Starting high school is a significant milestone on any child’s educational journey. With so many changes that come along with this transition, it’s never too early to talk about how to prepare for high school. Research and common sense tell us that the first year in a new school, especially high school, is critical – getting assimilated, setting goals, establishing habits and attitudes, selecting courses, discovering talents and interests, choosing mentors, learning new skills and building confidence.
Although back to school is currently a distant thought for most students, helping your soon-to-be ninth graders set goals now will help to prepare them for when it’s time to head back to the classroom come fall.
From my experience, here are some things to say to your high school kids as you’re working together to come up with realistic goals for the school year.

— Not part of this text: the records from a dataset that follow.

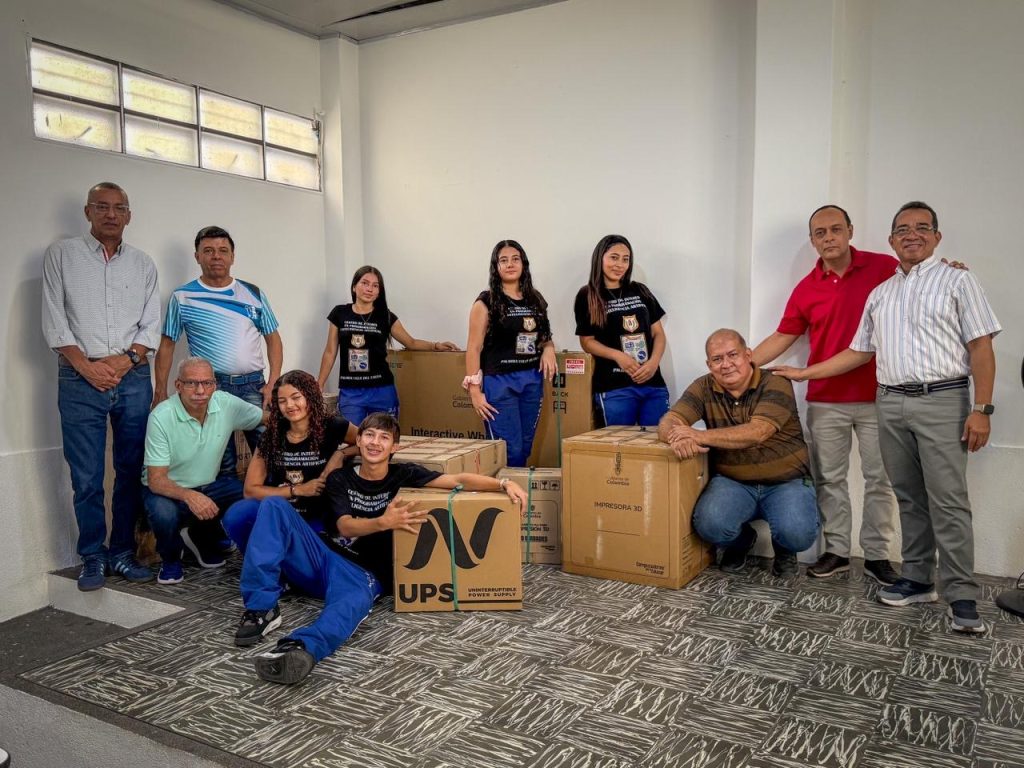 Palmira transforma su educación con materiales STEAM para Instituciones Oficiales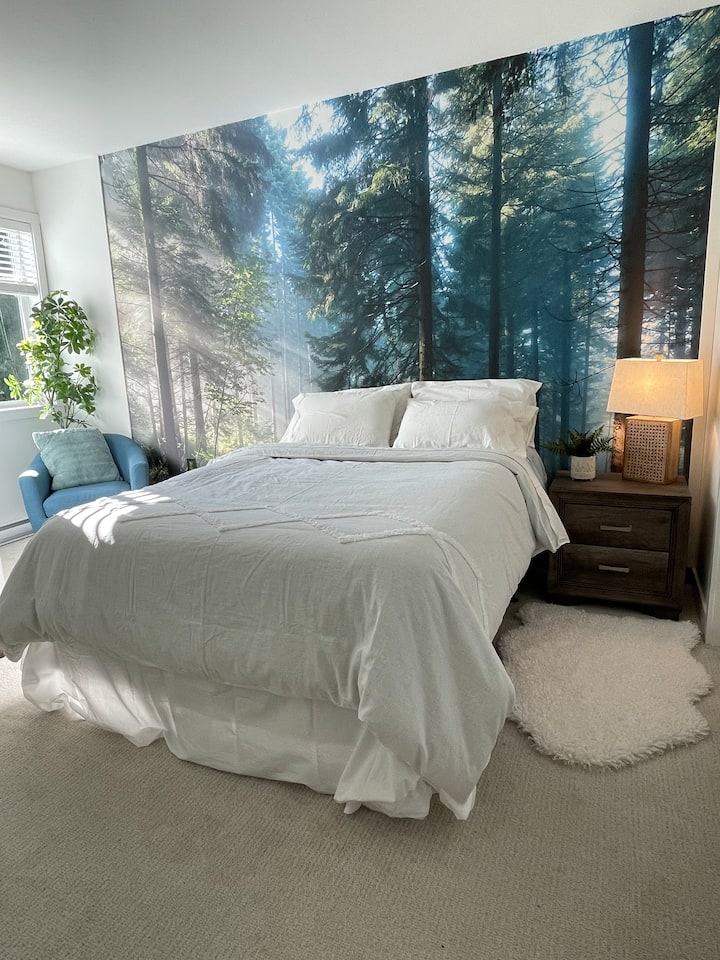 Executive Retreat | Quiet & Private I Top Floor - Langley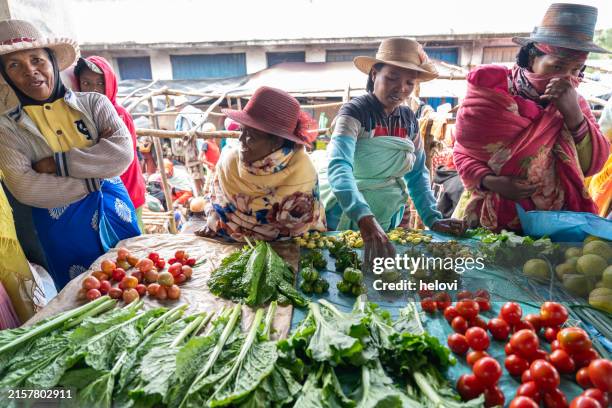 busy life on farmer's market, ambalavao, madagascar - malagassische cultuur stockfoto's en -beelden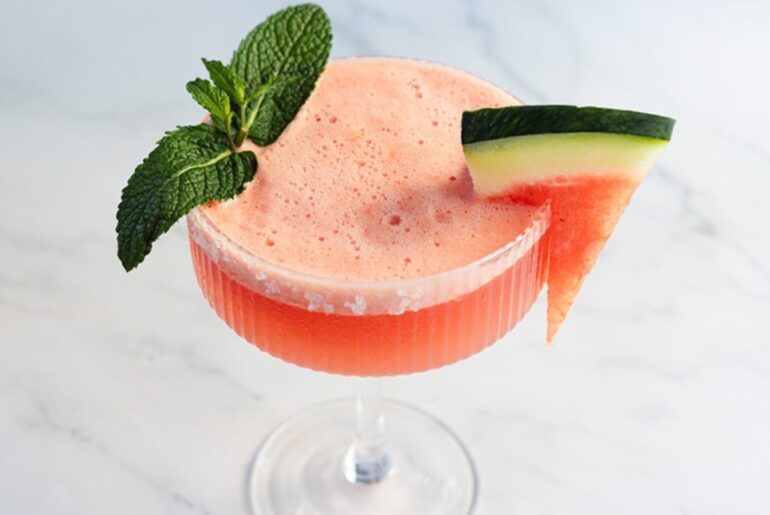 The 10 Best Mezcal Cocktail Recipes For Summer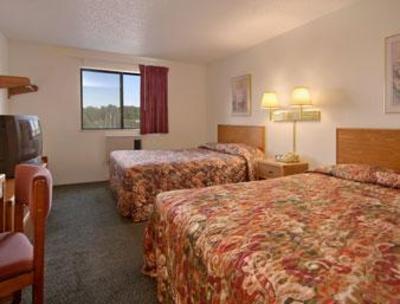 фото отеля Super 8 Carlisle South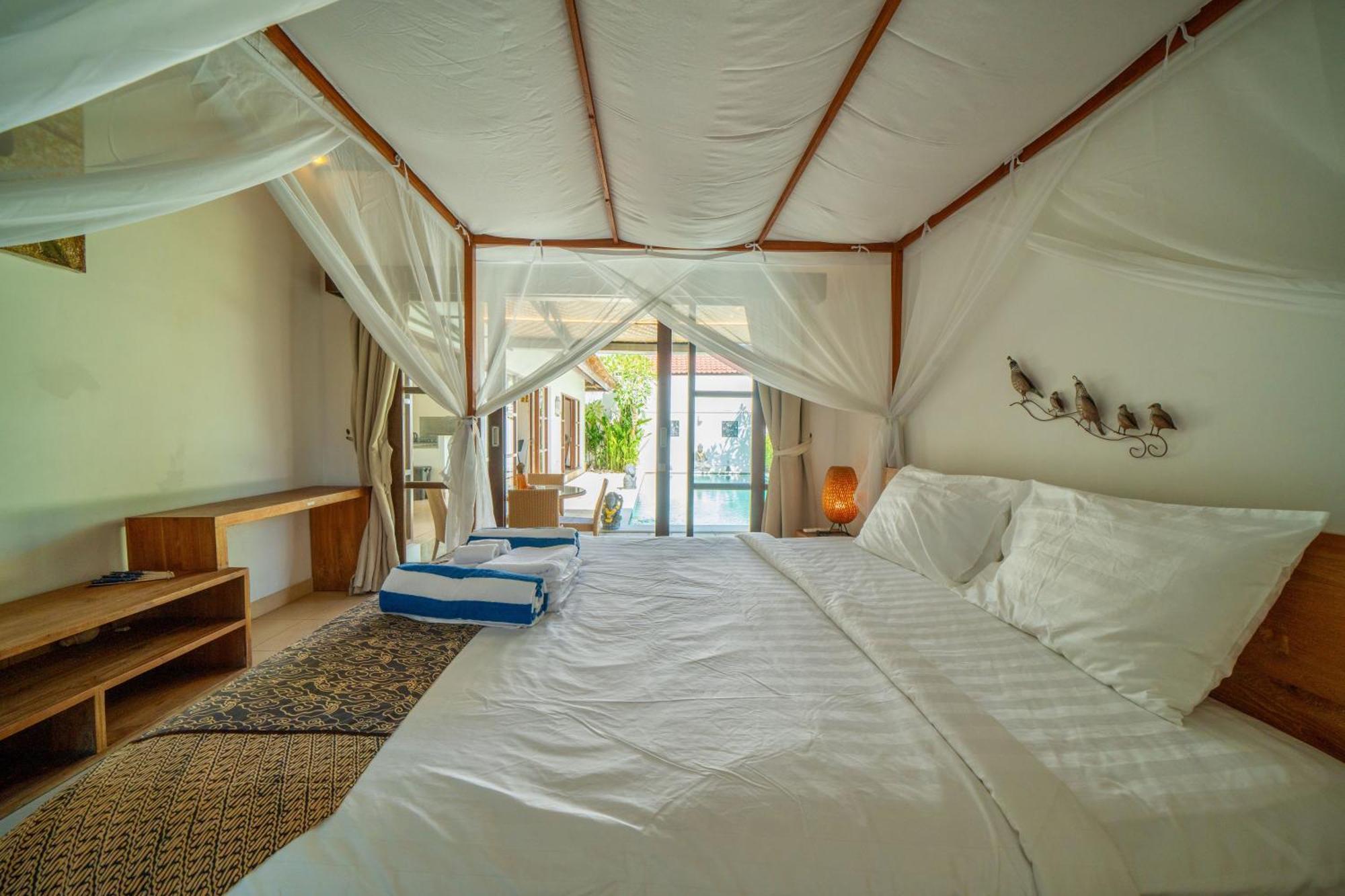 Bali Sunyi Villas ジンバラン エクステリア 写真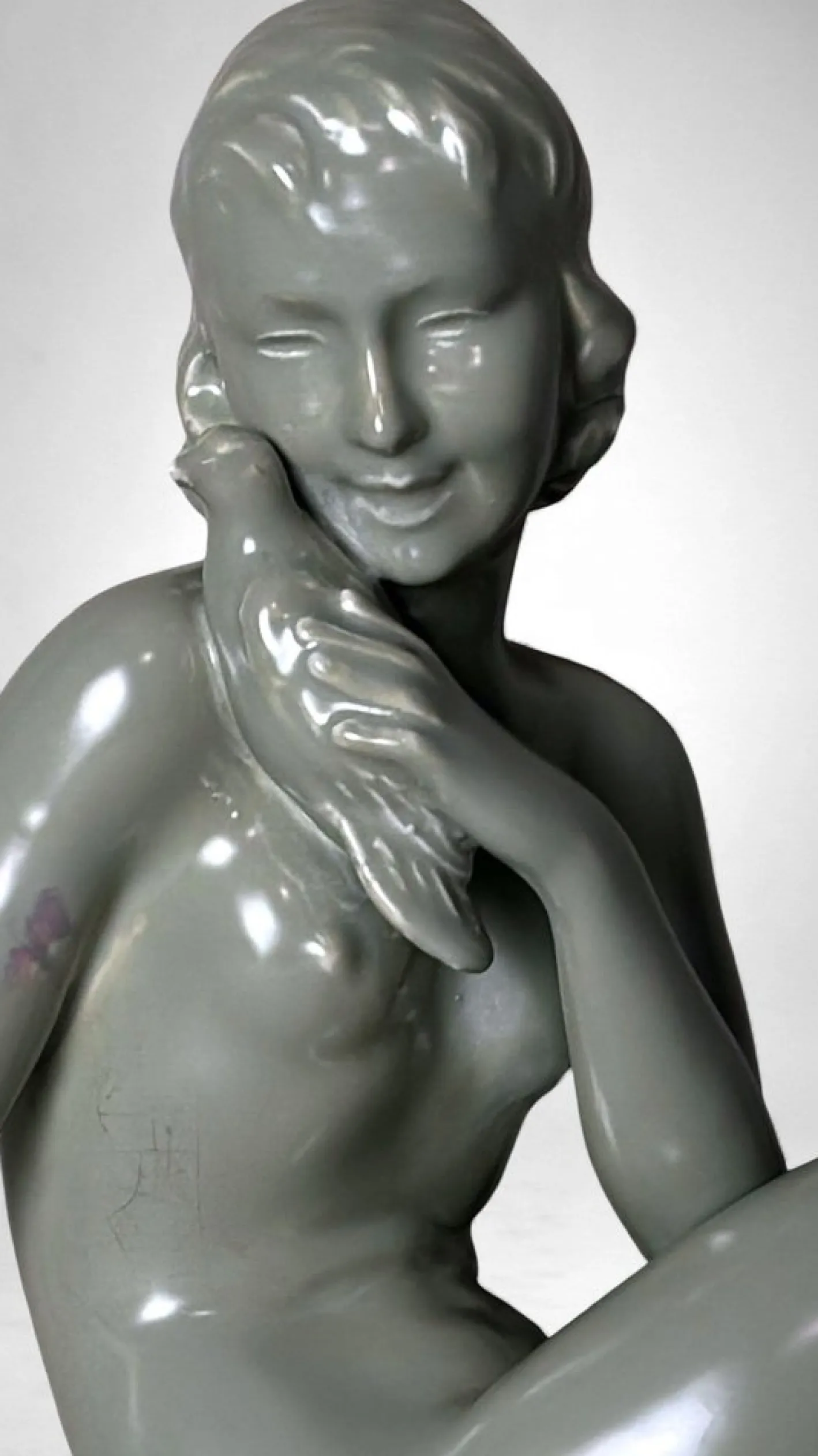 Art Deco Keramikfigur einer jungen Frau im Stil von Saint-Clement, 1920
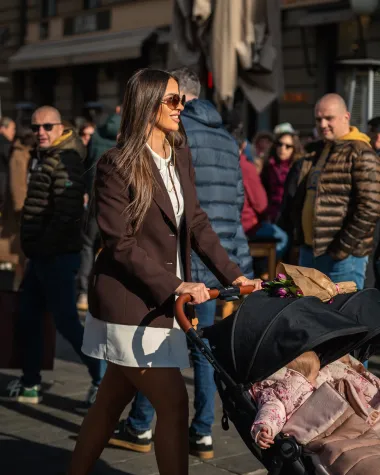 Zgodna mama u atraktivnoj kombinaciji privukla sve poglede na zagrebačkoj špici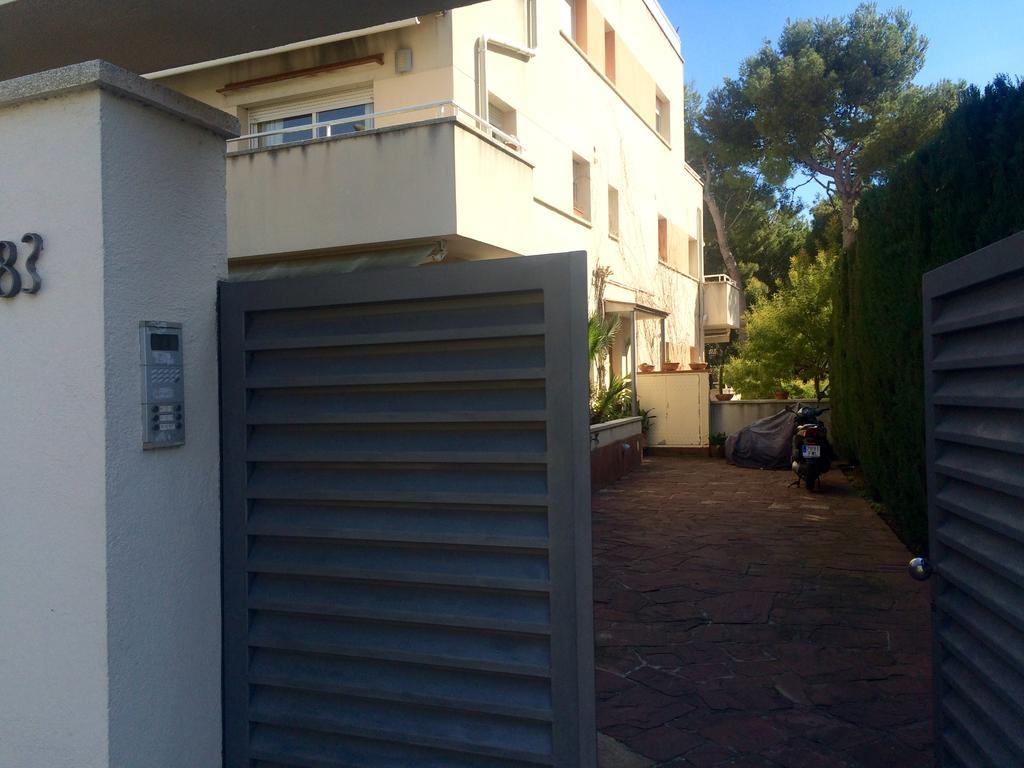 Apartaments Villa Conchi 锡切斯 外观 照片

1. Get serious. Maybe the future isn’t one of your main focuses right now, but eventually it’s going to loom big. Think about what you’re good at – interests and skills that you could parlay into future vocations or avocations. If possible at your school, start college courses while you’re still in high school and make sure you’re taking the prerequisites for these classes as a freshman and sophomore.
2. Go to class. This speaks for itself, or at least it should. Make a goal to go to class, to be punctual, and to be an active learner. All that whining about how “Mr. Sneer doesn’t like me” or “Why do I have to learn this anyway?” is too middle school. It’s now time to grow up and take education seriously.
3. Have study buddies. It’s always easier to face challenges like out-of-touch teachers, creepy classmates, and difficult tests when you have someone to study with, to motivate you, to answer your questions about homework, and to compete with. Study buddies are valuable. Make it a goal to get a couple.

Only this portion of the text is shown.